BEGIN DATA PROVIDED

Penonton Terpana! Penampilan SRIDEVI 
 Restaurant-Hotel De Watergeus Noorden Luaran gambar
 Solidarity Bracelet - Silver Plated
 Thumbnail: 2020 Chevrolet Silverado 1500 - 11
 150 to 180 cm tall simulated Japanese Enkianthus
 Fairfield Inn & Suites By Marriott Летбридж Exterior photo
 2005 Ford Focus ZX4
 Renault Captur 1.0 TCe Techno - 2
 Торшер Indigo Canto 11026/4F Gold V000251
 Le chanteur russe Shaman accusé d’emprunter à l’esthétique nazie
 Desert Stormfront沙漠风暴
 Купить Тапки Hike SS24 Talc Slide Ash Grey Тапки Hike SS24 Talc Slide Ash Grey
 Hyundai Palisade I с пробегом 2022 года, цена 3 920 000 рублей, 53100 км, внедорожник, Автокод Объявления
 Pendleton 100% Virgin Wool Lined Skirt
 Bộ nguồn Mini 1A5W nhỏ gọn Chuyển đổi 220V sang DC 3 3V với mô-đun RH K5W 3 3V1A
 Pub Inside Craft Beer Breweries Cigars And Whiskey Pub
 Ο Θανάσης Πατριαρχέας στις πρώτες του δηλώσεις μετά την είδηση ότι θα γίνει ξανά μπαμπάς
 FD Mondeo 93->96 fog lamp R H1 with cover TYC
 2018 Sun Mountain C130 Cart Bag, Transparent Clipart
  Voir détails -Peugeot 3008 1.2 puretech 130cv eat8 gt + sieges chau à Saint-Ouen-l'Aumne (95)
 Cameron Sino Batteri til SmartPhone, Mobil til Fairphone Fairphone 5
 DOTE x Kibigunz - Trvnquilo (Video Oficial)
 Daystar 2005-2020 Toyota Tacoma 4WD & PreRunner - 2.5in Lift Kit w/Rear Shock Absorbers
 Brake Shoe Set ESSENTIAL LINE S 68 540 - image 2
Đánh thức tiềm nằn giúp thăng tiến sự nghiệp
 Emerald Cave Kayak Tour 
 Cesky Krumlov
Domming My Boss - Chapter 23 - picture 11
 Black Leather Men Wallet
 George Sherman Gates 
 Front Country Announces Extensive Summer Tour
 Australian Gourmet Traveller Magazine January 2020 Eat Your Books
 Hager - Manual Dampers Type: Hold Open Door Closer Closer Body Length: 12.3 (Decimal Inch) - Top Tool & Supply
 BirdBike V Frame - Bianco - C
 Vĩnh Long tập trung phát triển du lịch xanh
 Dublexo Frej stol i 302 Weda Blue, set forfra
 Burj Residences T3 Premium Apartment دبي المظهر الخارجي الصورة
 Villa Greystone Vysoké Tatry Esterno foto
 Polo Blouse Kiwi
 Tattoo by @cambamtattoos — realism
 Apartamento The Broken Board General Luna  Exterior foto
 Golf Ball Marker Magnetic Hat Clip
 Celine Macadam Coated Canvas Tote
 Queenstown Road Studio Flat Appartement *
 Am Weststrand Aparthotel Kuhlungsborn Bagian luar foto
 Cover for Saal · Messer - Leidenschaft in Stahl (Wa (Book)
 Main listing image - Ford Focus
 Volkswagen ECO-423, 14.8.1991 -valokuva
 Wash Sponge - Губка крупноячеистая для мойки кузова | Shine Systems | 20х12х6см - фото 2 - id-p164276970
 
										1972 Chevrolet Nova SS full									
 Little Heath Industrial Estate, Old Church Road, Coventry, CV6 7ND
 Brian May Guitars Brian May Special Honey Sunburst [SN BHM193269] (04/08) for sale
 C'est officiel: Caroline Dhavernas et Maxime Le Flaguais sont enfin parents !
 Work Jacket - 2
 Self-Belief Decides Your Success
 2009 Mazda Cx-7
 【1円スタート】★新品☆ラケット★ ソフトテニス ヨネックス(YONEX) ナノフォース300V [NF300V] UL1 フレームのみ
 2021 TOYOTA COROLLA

END DATA PROVIDED

- **TASK PROMPT**
Every line above that holds the word "Your" needs to be copied.

- **EXERCISE RESPONSE**
 Australian Gourmet Traveller Magazine January 2020 Eat Your Books
 Self-Belief Decides Your Success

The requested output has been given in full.